Сегодня никто не возьмется разрешить вопрос о генезисе такого необыкновенного таланта, каким обладал Моцарт. Но можно более четко сформулировать сам вопрос и наметить направления, двигаясь в которых мы имеем шанс найти ответы. В этом отношении частный случай тоже имеет парадигматическое значение. Проблема того, как появляется уникальный творческий дар, в некоторой степени касается всех людей.
У Моцарта было очень необычное детство. По сей день мы знаем его как «вундеркинда»
С социологической точки зрения концертные поездки семьи Моцарт показывают нам ее в своеобразном, в некоторых отношениях почти уникальном, аутсайдерском положении. Из тесного мира зальцбургской жизни, где в их ближайший круг общения входили придворный трубач и придворный кондитер, Моцарты, начиная с поездки в Вену, одним махом переносятся в высшие сферы общества. 16 октября 1762 года отец пишет домой из Вены, что молодой граф Пальфи слышал концерт шестилетнего Вольфганга в Линце.

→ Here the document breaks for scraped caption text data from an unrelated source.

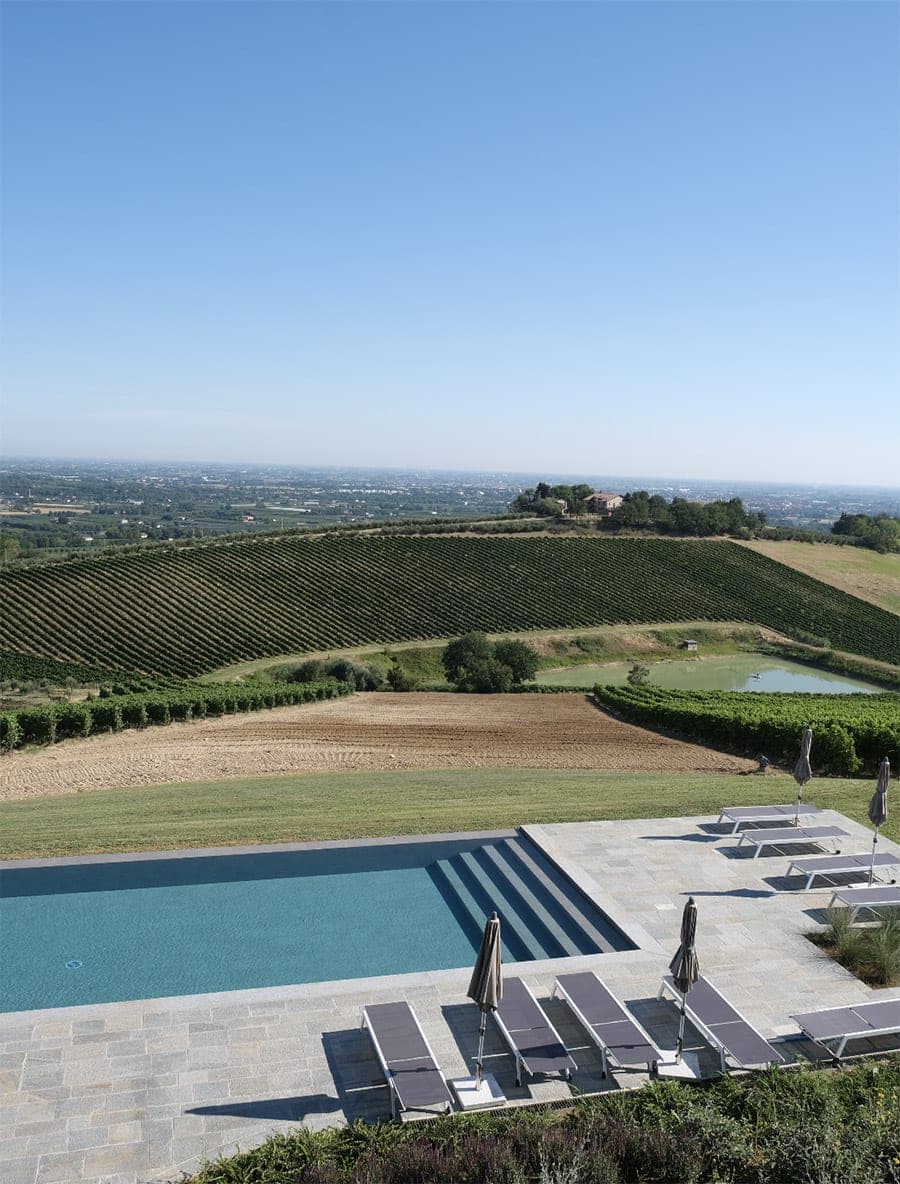 Restored podere in the Romagna hills photo 3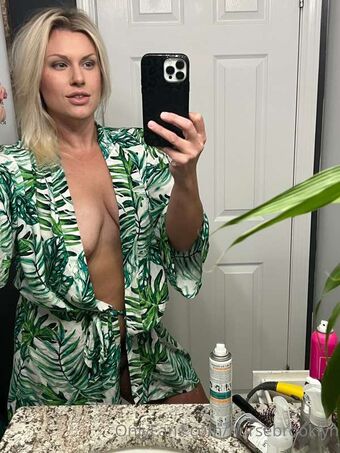 Brooklyn Nahé Úniky OnlyFans Fotka 41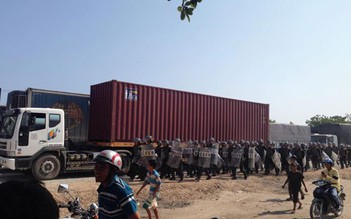 Bắt tạm giam 7 bị can gây rối, chặn xe trên QL1 ở Vĩnh Tân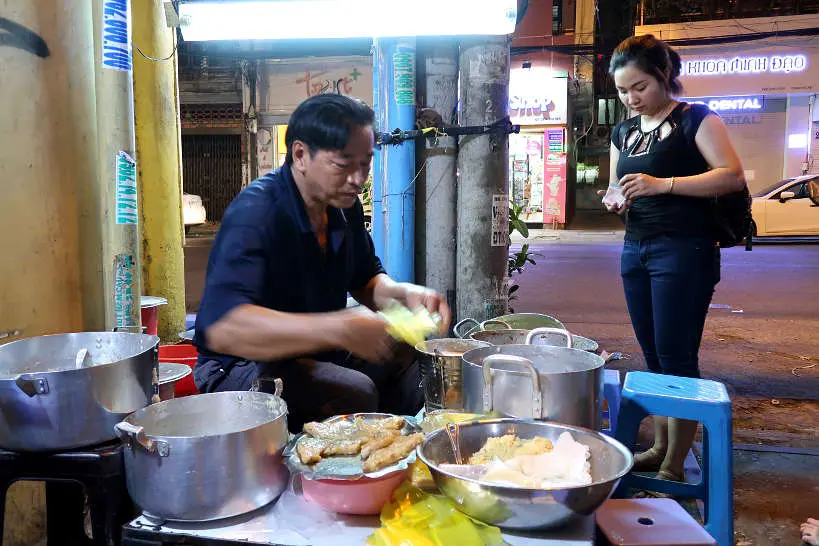 Che Saigon street food vendor by Authentic Food Quest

Через него весть о местонахождении ребенка дошла до императрицы; отсюда произошло приглашение дать концерт при дворе. Леопольд Моцарт пишет об этом так: Сейчас нет времени, могу лишь второпях сообщить, что мы были так необычайно милостиво приняты их величествами, что, если я расскажу об этом, это сочтут басней. Довольно! Вольферл вскочил императрице на колени, обхватил ее за шею и добросовестно расцеловал. Короче говоря, мы пробыли у нее с трех часов до шести, и сам император вышел в другую комнату, чтобы пригласить меня послушать, как инфанта играет на скрипке. 15-го числа императрица прислала через тайного казначея, который приехал к нашему дому в парадном мундире, 2 платья: одно для мальчика, другое для девочки. Как только придет приказ, они должны явиться ко двору, и тайный казначей за ними выйдет. Сегодня в половине третьего они должны отправиться к двум самым младшим эрцгерцогам, в четыре часа — к графу Пальфи, венгерскому канцлеру. Вчера мы были у графа Кауница, а позавчера — у графини Кюнцгин, а затем у графа фон Улефельда. У нас уже снова на два дня все занято[36]. И так продолжается день за днем. Императрица поручает своему казначею выдать отцу 100 дукатов; одна академия приносит шесть дукатов, некоторые из высокопоставленных господ и дам, перед которыми выступают дети, в итоге дают только по два дуката. 19 октября отец посылает 120 дукатов своему другу-купцу, чтобы тот вложил их в надежные бумаги; часть денег, однако, должна быть использована для покупки дорожной кареты, «чтобы доставить моим детям больше удобства»[37]. Для шестилетнего мальчика это турне, как и все последующие, — тяжелая и изнурительная работа. Он заболевает скарлатиной, и концерты приходится на некоторое время прервать. Он получает возможность оставаться в постели и отдыхать.
Это небольшой пример той жизни, которую семья Моцарт, особенно отец и сын, вели — с перерывами — примерно до того времени, когда последнему исполнился 21 год.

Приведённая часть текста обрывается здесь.